Further, as per Rule 8 (5) (vii) of Companies (Accounts) Rule, 2014 Board of Directors of all companies should state in details the adequacy of internal financial controls with reference to financial statement.

Companies Act, 2013 is however silent on the responsibilities of the management except for deciding the scope of internal audit in consultation with the internal auditor.

Reporting Responsibility

Internal Control

The internal audit report is generally presented to the Audit committee of the company or those charged with governance in the company. The internal audit report is considered to be internal document of the organization.

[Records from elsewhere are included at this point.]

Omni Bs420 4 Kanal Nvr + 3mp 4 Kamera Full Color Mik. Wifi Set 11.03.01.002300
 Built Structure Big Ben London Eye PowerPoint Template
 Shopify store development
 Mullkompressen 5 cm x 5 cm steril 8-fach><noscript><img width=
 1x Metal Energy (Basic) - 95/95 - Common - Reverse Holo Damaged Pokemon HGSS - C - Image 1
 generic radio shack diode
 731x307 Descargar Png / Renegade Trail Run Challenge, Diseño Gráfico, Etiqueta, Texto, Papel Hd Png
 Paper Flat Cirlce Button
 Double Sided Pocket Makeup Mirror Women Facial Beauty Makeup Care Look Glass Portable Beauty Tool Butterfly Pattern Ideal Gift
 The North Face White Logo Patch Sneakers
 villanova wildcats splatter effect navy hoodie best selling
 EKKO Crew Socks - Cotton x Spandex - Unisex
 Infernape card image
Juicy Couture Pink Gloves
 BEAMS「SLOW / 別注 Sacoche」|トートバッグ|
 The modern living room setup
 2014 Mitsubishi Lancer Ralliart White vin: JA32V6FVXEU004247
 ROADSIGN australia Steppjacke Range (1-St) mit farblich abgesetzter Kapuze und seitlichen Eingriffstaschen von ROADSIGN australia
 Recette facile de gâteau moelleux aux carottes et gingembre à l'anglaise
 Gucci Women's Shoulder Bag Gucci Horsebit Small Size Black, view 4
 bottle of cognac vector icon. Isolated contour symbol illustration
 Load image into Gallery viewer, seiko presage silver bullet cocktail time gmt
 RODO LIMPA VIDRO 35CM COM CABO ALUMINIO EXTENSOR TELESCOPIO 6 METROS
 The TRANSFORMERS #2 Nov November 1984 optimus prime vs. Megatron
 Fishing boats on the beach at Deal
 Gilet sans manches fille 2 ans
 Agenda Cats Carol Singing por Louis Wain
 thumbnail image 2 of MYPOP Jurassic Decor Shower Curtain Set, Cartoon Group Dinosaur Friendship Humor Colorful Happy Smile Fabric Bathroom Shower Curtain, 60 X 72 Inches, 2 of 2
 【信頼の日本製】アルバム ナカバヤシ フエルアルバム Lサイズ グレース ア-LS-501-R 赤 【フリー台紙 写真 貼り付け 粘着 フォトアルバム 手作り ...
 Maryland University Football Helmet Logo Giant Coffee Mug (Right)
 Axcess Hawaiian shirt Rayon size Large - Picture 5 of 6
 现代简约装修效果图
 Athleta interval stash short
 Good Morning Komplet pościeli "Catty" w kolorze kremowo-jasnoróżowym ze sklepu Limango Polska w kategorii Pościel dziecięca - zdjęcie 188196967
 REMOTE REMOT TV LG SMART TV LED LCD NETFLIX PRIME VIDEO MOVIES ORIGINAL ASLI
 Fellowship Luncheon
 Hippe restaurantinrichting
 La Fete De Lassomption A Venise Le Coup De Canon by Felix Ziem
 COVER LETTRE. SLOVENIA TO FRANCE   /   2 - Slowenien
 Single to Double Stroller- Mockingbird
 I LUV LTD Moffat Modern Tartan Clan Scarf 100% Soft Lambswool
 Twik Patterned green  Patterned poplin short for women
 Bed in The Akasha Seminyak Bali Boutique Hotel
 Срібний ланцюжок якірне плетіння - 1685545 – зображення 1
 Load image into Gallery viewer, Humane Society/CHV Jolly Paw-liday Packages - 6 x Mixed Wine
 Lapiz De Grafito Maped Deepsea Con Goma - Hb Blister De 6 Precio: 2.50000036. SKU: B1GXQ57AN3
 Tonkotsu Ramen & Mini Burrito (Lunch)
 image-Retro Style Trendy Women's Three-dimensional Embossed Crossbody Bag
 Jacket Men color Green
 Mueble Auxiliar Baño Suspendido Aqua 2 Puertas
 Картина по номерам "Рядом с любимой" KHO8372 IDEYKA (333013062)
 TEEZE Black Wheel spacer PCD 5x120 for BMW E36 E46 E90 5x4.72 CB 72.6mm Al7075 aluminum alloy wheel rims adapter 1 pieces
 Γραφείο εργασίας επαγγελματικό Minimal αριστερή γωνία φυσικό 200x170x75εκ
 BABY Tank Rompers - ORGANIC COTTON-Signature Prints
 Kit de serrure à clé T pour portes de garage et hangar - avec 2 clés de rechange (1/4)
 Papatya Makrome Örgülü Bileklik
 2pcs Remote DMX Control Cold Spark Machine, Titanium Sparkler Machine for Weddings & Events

The statutory auditor can however use the internal audit report as per auditing standard SA 610 “Using work of internal auditors” as per his / her discretion.

Internal Financial Control Over Financial Reporting

Clause (e)  of subsection 5 of section 134 of the aforesaid act requires the director’s responsibility statement to state that the directors In case of listed as well as Unlisted / Private Company, had laid down internal financial control to be followed by the company and that such internal financial controls are adequate and were operating effectively.

Report for the internal financial controls would be issued as per auditing standard SA 700 “Forming an opinion and reporting on the financial statements”. The report is issued as an annexure to the independent auditor’s report along with the financial statement of any company as per the requirement of clause (i) of sub-section 3 of section 143 of the Companies Act, 2013.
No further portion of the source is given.